His companion dug him in the ribs. 'Like when me take too many bedclothes and you kick I out of bed, or me drink your wine and you make I drink three guts of laxative beer, or when you pregnanted that governor’s daughter and him set the Strategic Debt Collectors on you, or someplace doesn’t pay all its taxes and Its Majesty orders the first born of every family have their Birth Certificates endorsed, or…?'
Mc9, who was well used to his companion employing the verbal equivalent of a Reconnaissance By Fire, held up one hand to stem this flood of examples. His companion continued mumbling away despite the hand over his mouth. Finally the mumbling stopped.
'Yes,' Mc9 told him. 'That’s right.' He took his hand away.
'Or is it like when—?'
'Hey,' Mc9 said brightly. 'How about I tell you a story?'
'Oh, a story,' beamed his companion, clutching at Mc9’s sleeve in anticipation. 'A story would be… ' his grimy features contorted like a drying mudflat as he struggled to find a suitable adjective. '… Nice.'
'OK. Let go my sleeve and pass me the wine to wet my throat.'
'Oh,' Mc9’s companion said, and looked suddenly wary and doubtful. He glanced over the front of the cart, past the snoring driver and the toiling beast pulling them, and saw the City, still just a distant shimmer at the end of the Road’s bleached ribbon of bone. 'OK,' he sighed.

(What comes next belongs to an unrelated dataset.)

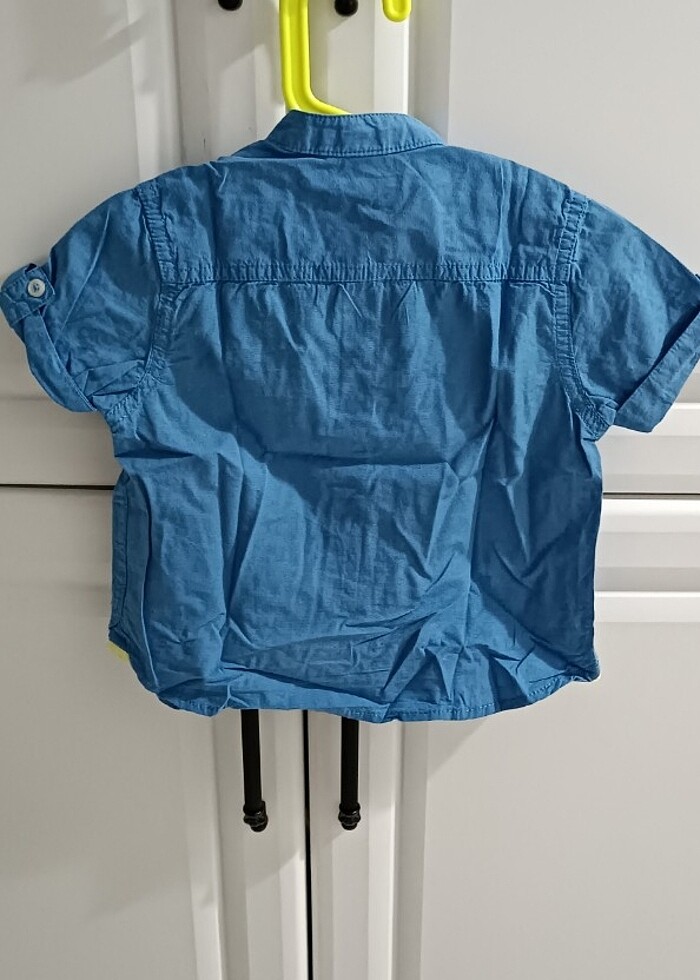 Erkek çocuk gömlek - Görsel 3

He handed the wineskin to Mc9, who guzzled about half of what was left before the squealing, protesting companion succeeded in tearing it from his grasp, spilling most of the remainder over the two of them and squirting a jet of the liquid spattering over the neck of the snoring driver, and on out as far as the head of the horse-like animal (which lapped appreciatively at the drops spilling down its sweat-matted face).
The decrepit driver woke with a start and looked around wildly, rubbing his damp neck, waving his frayed whip and apparently fully expecting to have to repel robbers, cut-throats and villains.